■ Try it:
Nothing but an exact copy is asked for: the lines in the material below from the one with "Custom A-Frame Business" through the one with "Case cx 30 3", pictures excluded.

■ Records for the task:
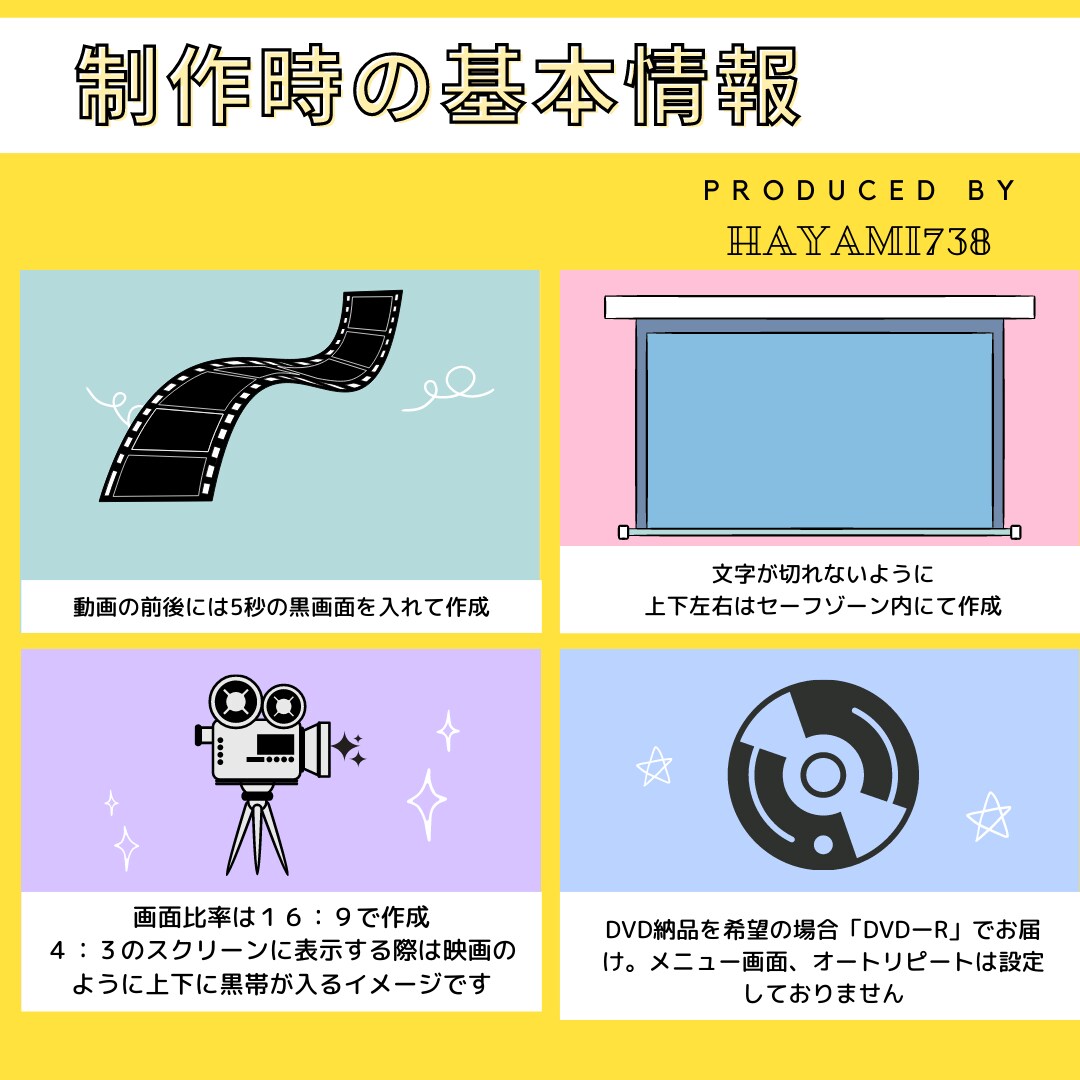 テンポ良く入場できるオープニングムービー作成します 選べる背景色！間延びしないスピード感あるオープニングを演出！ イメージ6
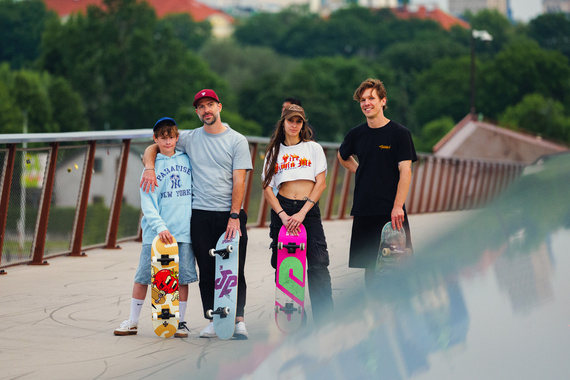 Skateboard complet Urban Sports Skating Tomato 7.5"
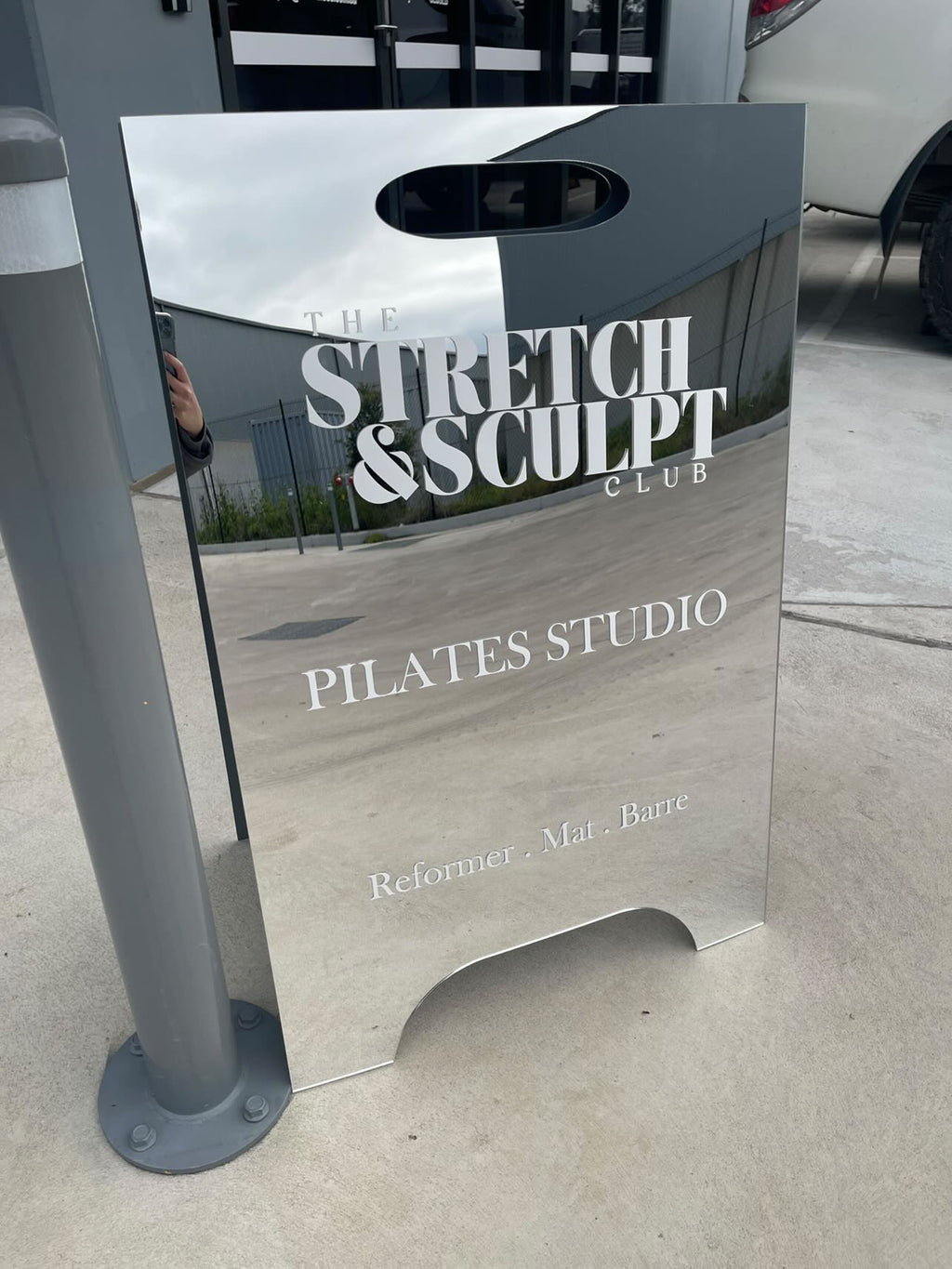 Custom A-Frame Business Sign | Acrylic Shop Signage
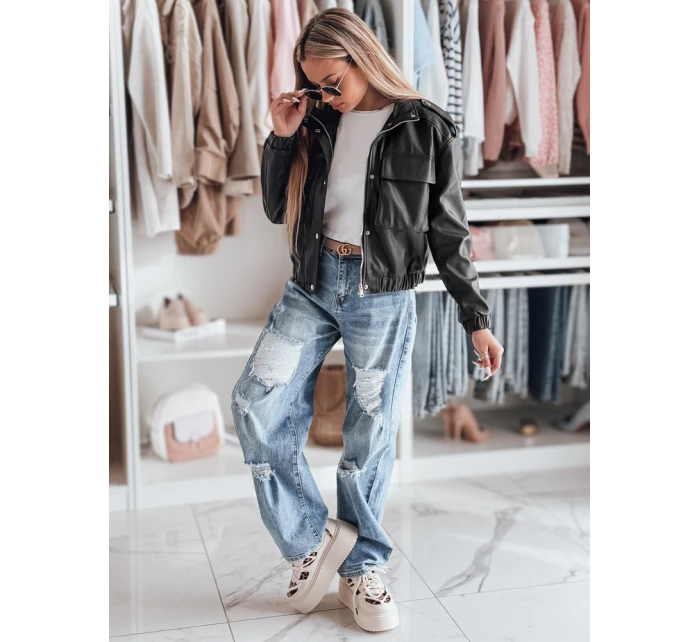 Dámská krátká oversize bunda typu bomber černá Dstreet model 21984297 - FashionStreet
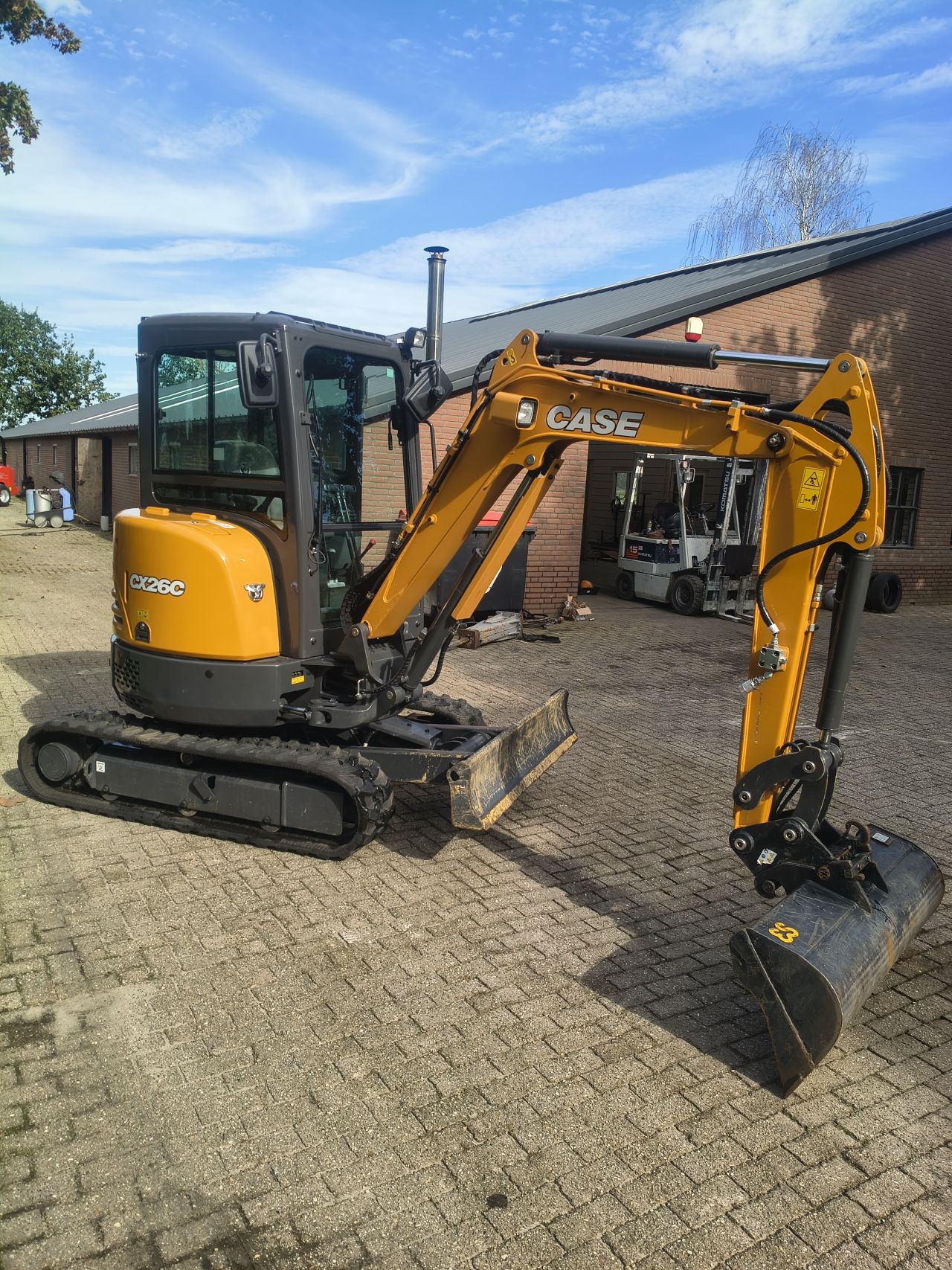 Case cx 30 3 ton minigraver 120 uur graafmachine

---

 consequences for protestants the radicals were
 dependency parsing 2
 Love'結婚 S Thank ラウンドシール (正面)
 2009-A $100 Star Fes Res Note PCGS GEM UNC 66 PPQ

--

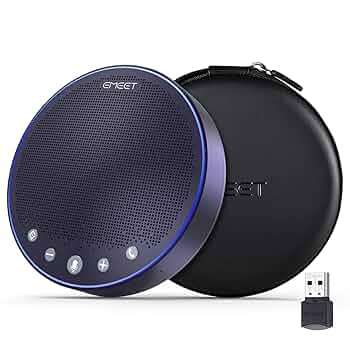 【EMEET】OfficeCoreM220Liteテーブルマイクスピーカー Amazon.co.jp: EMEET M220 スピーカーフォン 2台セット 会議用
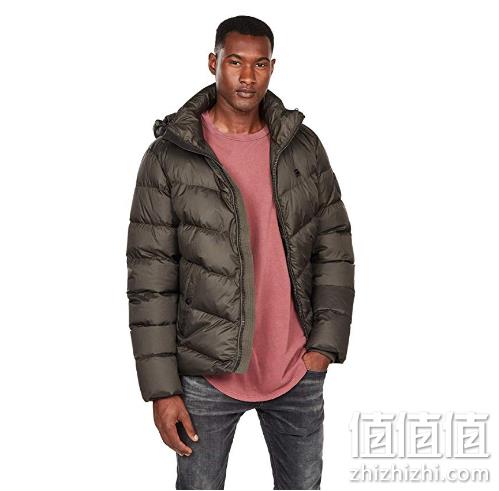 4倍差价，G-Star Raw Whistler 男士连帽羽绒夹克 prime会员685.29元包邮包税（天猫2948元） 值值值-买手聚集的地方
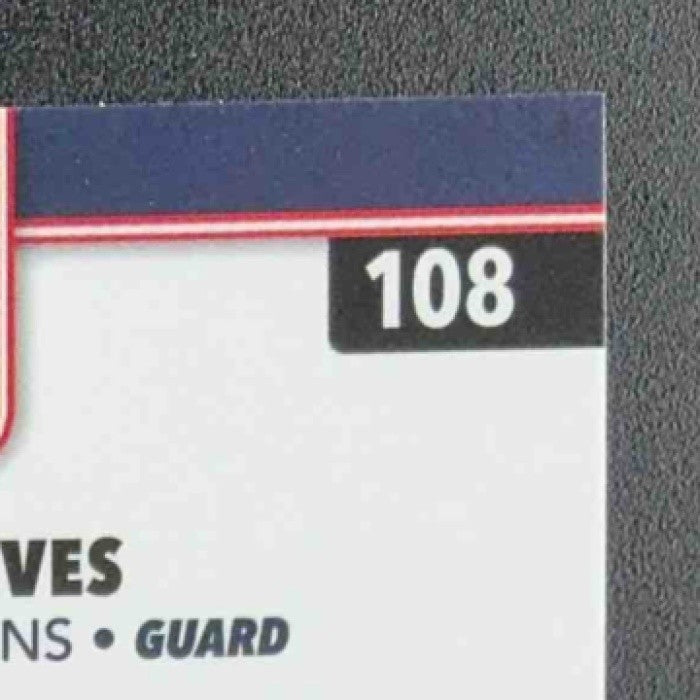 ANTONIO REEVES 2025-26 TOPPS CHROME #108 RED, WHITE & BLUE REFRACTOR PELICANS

■ Solved problem:
 Custom A-Frame Business Sign | Acrylic Shop Signage
 Dámská krátká oversize bunda typu bomber černá Dstreet model 21984297 - FashionStreet
 Case cx 30 3 ton minigraver 120 uur graafmachine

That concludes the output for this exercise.